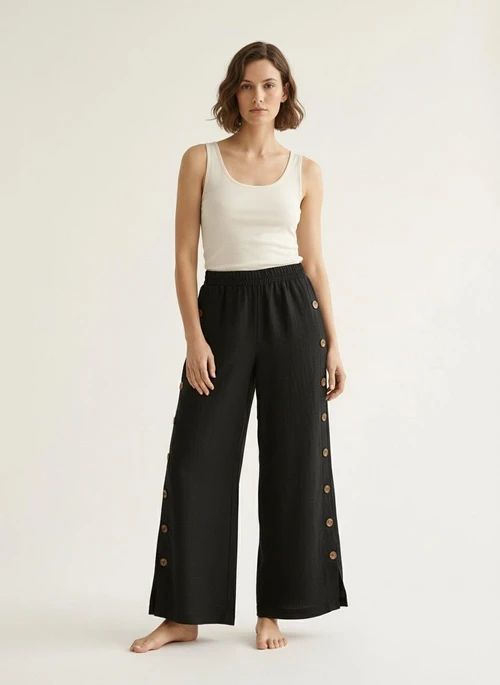 Pantalon palazzo noir à jambes larges et boutons latéraux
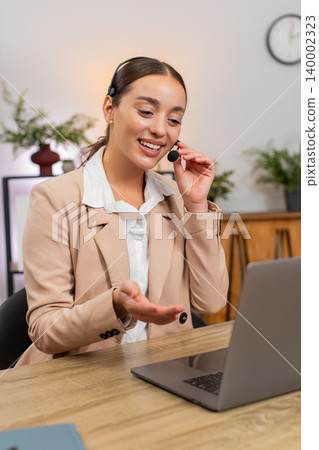 Young businesswoman with headset answers support call greets caller asks questions and stays polite Young businesswoman with headset answers support call greets caller asks questions and stays polite 140002323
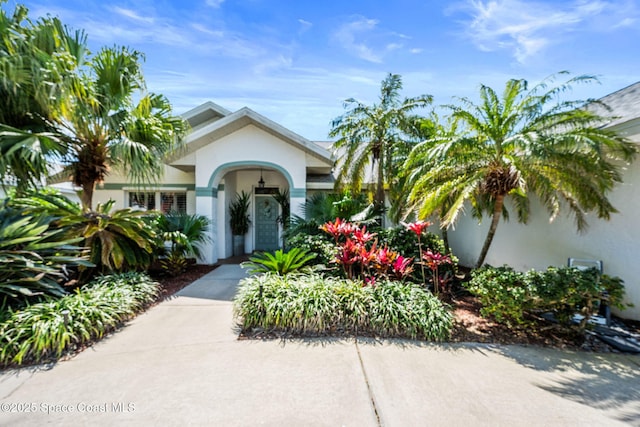 doorway to property with stucco siding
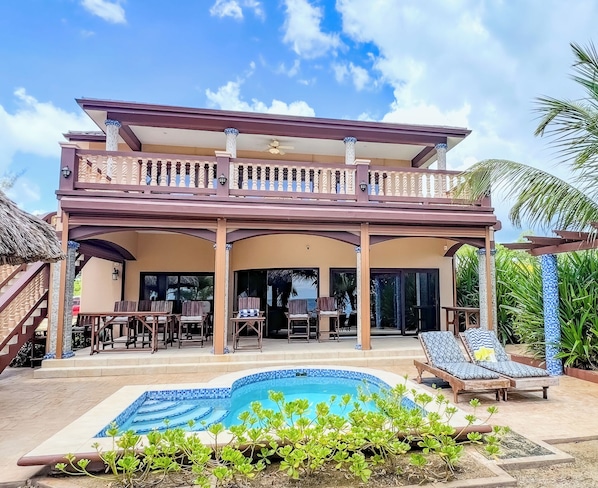 Beach front view of Villa By The Sea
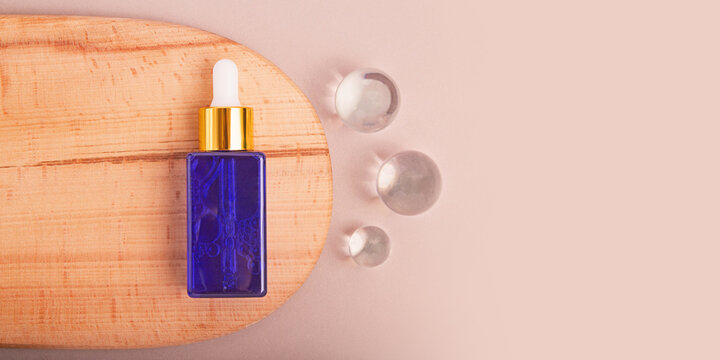Top view of cosmetics dropper on wooden slice with flass balls near it.Earth tones,good as cosmetic mockup,banner with copy space.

- - - -

▶ Your instructions:
Each entry gets copied exactly; the pictures stay out.

▶ Exercise answer:
 Pantalon palazzo noir à jambes larges et boutons latéraux
 Young businesswoman with headset answers support call greets caller asks questions and stays polite Young businesswoman with headset answers support call greets caller asks questions and stays polite 140002323
 doorway to property with stucco siding
 Beach front view of Villa By The Sea
Top view of cosmetics dropper on wooden slice with flass balls near it.Earth tones,good as cosmetic mockup,banner with copy space.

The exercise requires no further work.